The others you’ve been working with, all of them older than you, have gone to the service. Black ribbons pinned to the left-hand side of their chests, the bereaved who have kept vigil for several nights in front of the coffins now follow them in a slow, stiff procession, moving like scarecrows stuffed with sand or rags. Eun-sook had been hanging back, and when you told her, “It’s okay, go with them,” her laughter revealed a snaggle-tooth. Whenever an awkward situation forced a nervous laugh from her, that tooth couldn’t help but make her look somewhat mischievous.

“I’ll just watch the beginning, then, and come right back.”

Left on your own, you sit down on the steps that lead up to the gym, resting the ledger, an improvised thing whose cover is a piece of black strawboard bent down the middle, on your knee. The chill from the concrete steps leaches through your thin tracksuit bottoms.

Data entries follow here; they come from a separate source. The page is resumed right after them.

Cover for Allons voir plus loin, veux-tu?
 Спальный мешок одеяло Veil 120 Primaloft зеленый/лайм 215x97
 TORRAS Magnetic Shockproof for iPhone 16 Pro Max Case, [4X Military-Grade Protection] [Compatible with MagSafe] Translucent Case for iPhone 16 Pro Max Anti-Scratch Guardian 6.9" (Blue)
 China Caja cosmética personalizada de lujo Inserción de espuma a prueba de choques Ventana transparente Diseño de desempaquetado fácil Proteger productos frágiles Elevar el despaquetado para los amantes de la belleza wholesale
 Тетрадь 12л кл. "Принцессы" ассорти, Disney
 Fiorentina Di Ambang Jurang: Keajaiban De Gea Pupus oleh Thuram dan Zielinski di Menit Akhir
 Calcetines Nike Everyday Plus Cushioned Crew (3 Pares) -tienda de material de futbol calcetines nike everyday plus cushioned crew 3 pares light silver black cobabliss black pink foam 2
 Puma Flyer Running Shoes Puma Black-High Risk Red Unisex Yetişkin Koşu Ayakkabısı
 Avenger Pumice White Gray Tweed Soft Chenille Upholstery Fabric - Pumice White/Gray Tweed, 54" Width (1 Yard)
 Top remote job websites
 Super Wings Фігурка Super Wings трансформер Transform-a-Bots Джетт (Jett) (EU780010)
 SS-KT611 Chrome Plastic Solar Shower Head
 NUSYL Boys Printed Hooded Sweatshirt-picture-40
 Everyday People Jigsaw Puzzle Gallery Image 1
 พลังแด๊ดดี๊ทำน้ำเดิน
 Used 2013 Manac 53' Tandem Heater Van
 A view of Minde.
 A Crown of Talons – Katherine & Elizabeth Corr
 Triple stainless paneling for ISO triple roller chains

Your PE jacket is buttoned up to the top, and you keep your arms firmly folded across your chest.

Hibiscus and three thousand ri full of splendid mountains and rivers . . . 

You stop singing along with the anthem. That phrase “splendid mountains and rivers” makes you think of the second character in “splendid,” “ryeo,” one of the ones you studied in your Chinese script lessons. It’s got an unusually high stroke count; you doubt you could remember how to write it now. Does it mean “mountains and rivers where the flowers are splendid,” or “mountains and rivers that are splendid as flowers”? In your mind, the image of the written character becomes overlaid with that of hollyhocks, the kind that grow in your parents’ yard, shooting up taller than you in summer. Long, stiff stems, their blossoms unfurling like little scraps of white cloth. You close your eyes to help you picture them more clearly. When you let your eyelids part just the tiniest fraction, the gingko trees in front of the Provincial Office are shaking in the wind. So far, not a single drop of rain has fallen.

The anthem is over, but there seems to be some delay with the coffins. Perhaps there are just too many. The sound of wailing sobs is faintly audible amid the general commotion. The woman holding the microphone suggests they all sing “Arirang” while they wait for the coffins to be got ready.

You who abandoned me here

Your feet will pain you before you’ve gone even ten ri . . . 

When the song subsides, the woman says, “Let us now hold a minute’s silence for the deceased.” The hubbub of a crowd of thousands dies down as instantaneously as if someone had pressed a mute button, and the silence it leaves in its wake seems shockingly stark. You get to your feet to observe the minute’s silence, then walk up the steps to the main doors, one half of which has been left open. You get your surgical mask out from your trouser pocket and put it on.

These candles are no use at all.

You step into the gym hall, fighting down the wave of nausea that hits you with the stench. It’s the middle of the day, but the dim interior is more like evening’s dusky half-light. The coffins that have already been through the memorial service have been grouped neatly near the door, while at the foot of the large window, each covered with a white cloth, lie the bodies of thirty-two people for whom no relatives have yet arrived to put them in their coffins. Next to each of their heads, a candle wedged into an empty drinks bottle flickers quietly.

You walk farther into the auditorium, toward the row of seven corpses that have been laid out to one side. Whereas the others have their cloths pulled up only to their throats, almost as though they are sleeping, these are all fully covered. Their faces are revealed only occasionally, when someone comes looking for a young girl or a baby. The sight of them is too cruel to be inflicted otherwise.

Even among these, there are differing degrees of horror, the worst being the corpse in the very farthest corner. When you first saw her, she was still recognizably a smallish woman in her late teens or early twenties; now, her decomposing body has bloated to the size of a grown man. Every time you pull back the cloth for someone who has come to find a daughter or younger sister, the sheer rate of decomposition stuns you. Stab wounds slash down from her forehead to her left eye, her cheekbone to her jaw, her left breast to her armpit, gaping gashes where the raw flesh shows through. The right side of her skull has completely caved in, seemingly the work of a club, and the meat of her brain is visible. These open wounds were the first to rot, followed by the many bruises on her battered corpse. Her toes, with their clear pedicure, were initially intact, with no external injuries, but as time passed they swelled up like thick tubers of ginger, turning black in the process. The pleated skirt with its pattern of water droplets, which used to come down to her shins, doesn’t even cover her swollen knees now.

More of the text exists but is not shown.